* [EXTRACTED ENTRIES]

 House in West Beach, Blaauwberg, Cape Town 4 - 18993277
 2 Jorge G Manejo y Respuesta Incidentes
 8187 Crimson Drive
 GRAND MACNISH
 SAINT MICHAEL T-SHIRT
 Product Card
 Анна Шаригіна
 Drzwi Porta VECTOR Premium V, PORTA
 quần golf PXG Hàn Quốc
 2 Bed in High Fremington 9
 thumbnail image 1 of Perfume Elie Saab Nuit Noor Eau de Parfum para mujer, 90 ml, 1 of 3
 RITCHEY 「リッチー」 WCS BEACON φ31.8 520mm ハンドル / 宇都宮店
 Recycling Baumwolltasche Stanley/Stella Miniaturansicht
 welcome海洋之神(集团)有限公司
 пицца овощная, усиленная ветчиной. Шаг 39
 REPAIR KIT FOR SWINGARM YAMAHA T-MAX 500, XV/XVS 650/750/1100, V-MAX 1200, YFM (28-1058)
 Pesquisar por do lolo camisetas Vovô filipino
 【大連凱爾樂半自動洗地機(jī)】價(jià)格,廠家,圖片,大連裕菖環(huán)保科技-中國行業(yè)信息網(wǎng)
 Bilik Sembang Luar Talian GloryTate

* [EXERCISE GOAL]
Retype all of the material above with every character intact.

* [SOLUTION]
 House in West Beach, Blaauwberg, Cape Town 4 - 18993277
 2 Jorge G Manejo y Respuesta Incidentes
 8187 Crimson Drive
 GRAND MACNISH
 SAINT MICHAEL T-SHIRT
 Product Card
 Анна Шаригіна
 Drzwi Porta VECTOR Premium V, PORTA
 quần golf PXG Hàn Quốc
 2 Bed in High Fremington 9
 thumbnail image 1 of Perfume Elie Saab Nuit Noor Eau de Parfum para mujer, 90 ml, 1 of 3
 RITCHEY 「リッチー」 WCS BEACON φ31.8 520mm ハンドル / 宇都宮店
 Recycling Baumwolltasche Stanley/Stella Miniaturansicht
 welcome海洋之神(集团)有限公司
 пицца овощная, усиленная ветчиной. Шаг 39
 REPAIR KIT FOR SWINGARM YAMAHA T-MAX 500, XV/XVS 650/750/1100, V-MAX 1200, YFM (28-1058)
 Pesquisar por do lolo camisetas Vovô filipino
 【大連凱爾樂半自動洗地機(jī)】價(jià)格,廠家,圖片,大連裕菖環(huán)保科技-中國行業(yè)信息網(wǎng)
 Bilik Sembang Luar Talian GloryTate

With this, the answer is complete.